Otoritas Jasa Keuangan (OJK) menegaskan bahwa alokasi investasi dalam industri dana pensiun sepenuhnya menjadi kewenangan masing-masing perusahaan, sepanjang tidak menyimpang dari ketentuan yang telah ditetapkan oleh OJK. Pernyataan ini disampaikan oleh Ogi Prastomiyono, Kepala Eksekutif Pengawasan Perasuransian, Penjaminan, dan Dana Pensiun OJK, sebagai respons atas pergeseran signifikan dalam alokasi investasi dana pensiun yang terpantau hingga Juli 2025.
Ogi menjelaskan bahwa entitas seperti BPJS Ketenagakerjaan, PT Asabri (Persero), dan PT Taspen (Persero) memiliki regulasi yang lebih ketat, mewajibkan setidaknya 50% dari dana mereka dialokasikan pada Surat Berharga Negara (SBN). Meski demikian, sisa alokasi diserahkan kepada kebijakan masing-masing perusahaan. “Memang sebagian besar investasi saat ini masih terkonsentrasi di SBN dan deposito, sementara instrumen lain hanya porsi kecil,” ujarnya setelah menghadiri Indonesia Pension Fund Summit (IPFS) 2025 di Tangerang Selatan, Kamis (23/10/2025).

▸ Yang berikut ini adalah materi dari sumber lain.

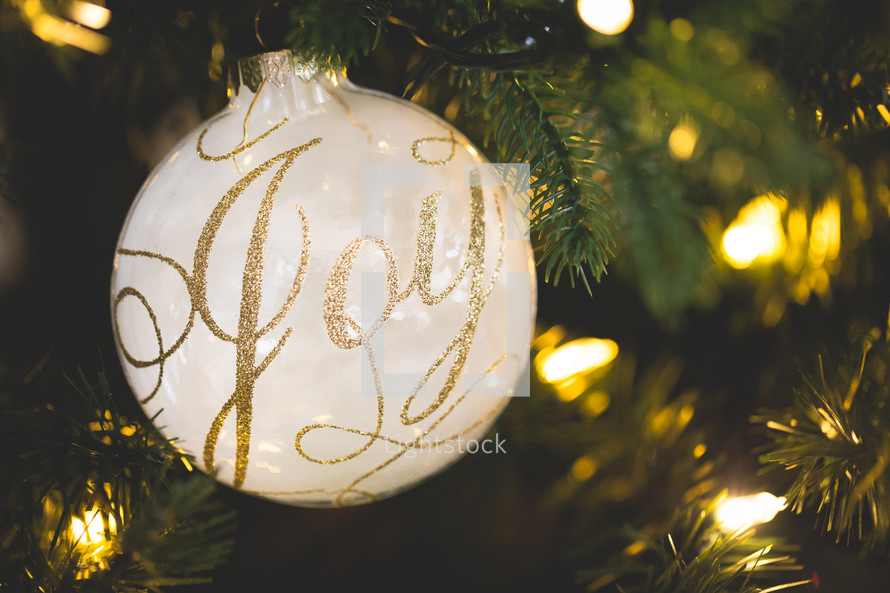 Joy ornament on a Christmas tree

Ia menambahkan, apabila dana pensiun memilih untuk menempatkan asetnya pada instrumen investasi di luar SBN dan deposito, prinsip kehati-hatian yang sangat tinggi harus diterapkan. Sebelumnya, Ogi juga sempat merinci proporsi investasi di sektor asuransi yang menunjukkan diversifikasi pada berbagai instrumen. Pada kesempatan tersebut, SBN menjadi penempatan paling dominan dengan angka 50,38%, diikuti oleh deposito sebesar 25,8%, dan saham sebesar 15,8%.
“Perubahan variabel ekonomi utama, termasuk fluktuasi suku bunga, secara signifikan memengaruhi pengelolaan investasi oleh pilar-pilar tata kelola perusahaan, mulai dari manajemen, dewan komisaris, hingga komite-komite terkait,” jelasnya dalam lembar jawaban RDK Agustus 2025, (17/9/2025). Ia melanjutkan, faktor-faktor ini berperan besar dalam mendorong perubahan atau peralihan jenis investasi yang dilakukan.

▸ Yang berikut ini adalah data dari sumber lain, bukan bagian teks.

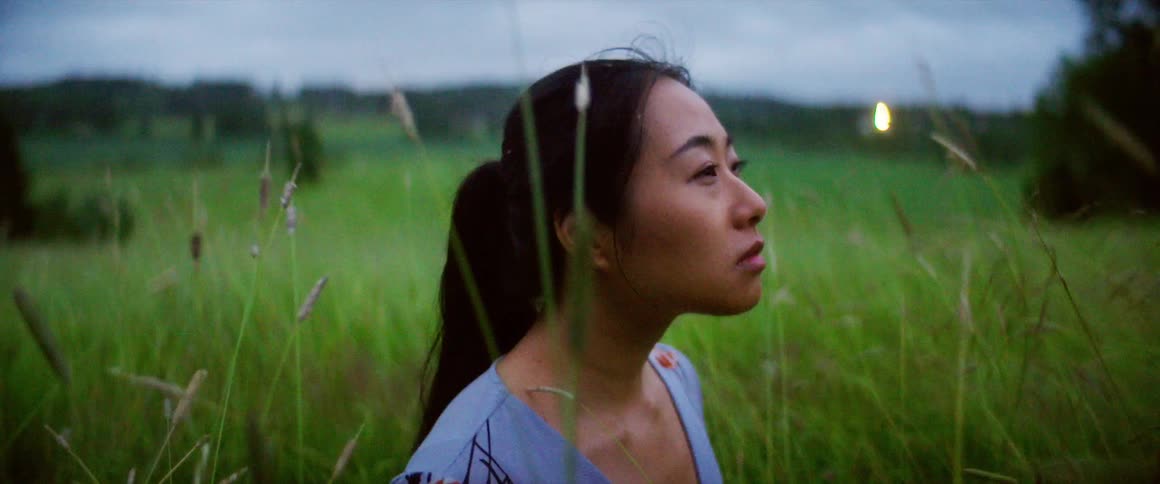 A woman is standing outdoors in spring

Sementara itu, Ketua Asosiasi Dana Pensiun Lembaga Keuangan (DPLK), Tondy Suradiredja, memberikan pandangannya. Menurutnya, tingginya volatilitas di pasar saham menjadi pemicu utama pergeseran alokasi investasi oleh dana pensiun. “Dibandingkan dengan deposito atau SBN yang menawarkan stabilitas lebih tinggi dan tingkat risiko yang jauh lebih rendah, pilihan tersebut menjadi lebih menarik. Prioritas utama dana pensiun adalah memastikan ketersediaan dana yang aman dan stabil bagi peserta di masa pensiun mereka,” ungkap Tondy kepada Bisnis, Rabu (22/10/2025) malam.
Tondy menambahkan, strategi ini dipandang sebagai langkah sementara untuk merespons kondisi pasar yang bergejolak tahun ini. Namun, ia tidak menutup kemungkinan bahwa dalam tiga tahun ke depan, pendekatan ini bisa terintegrasi sebagai arah kebijakan jangka menengah untuk menjaga keseimbangan antara risiko dan imbal hasil, terutama jika kondisi pasar dan ekonomi belum mencapai stabilitas penuh. “Strategi pengelolaan risiko secara hati-hati (prudent) ini diterapkan sebagai fondasi untuk nantinya kembali meningkatkan alokasi investasi pada aset-aset berorientasi pertumbuhan,” pungkas Tondy.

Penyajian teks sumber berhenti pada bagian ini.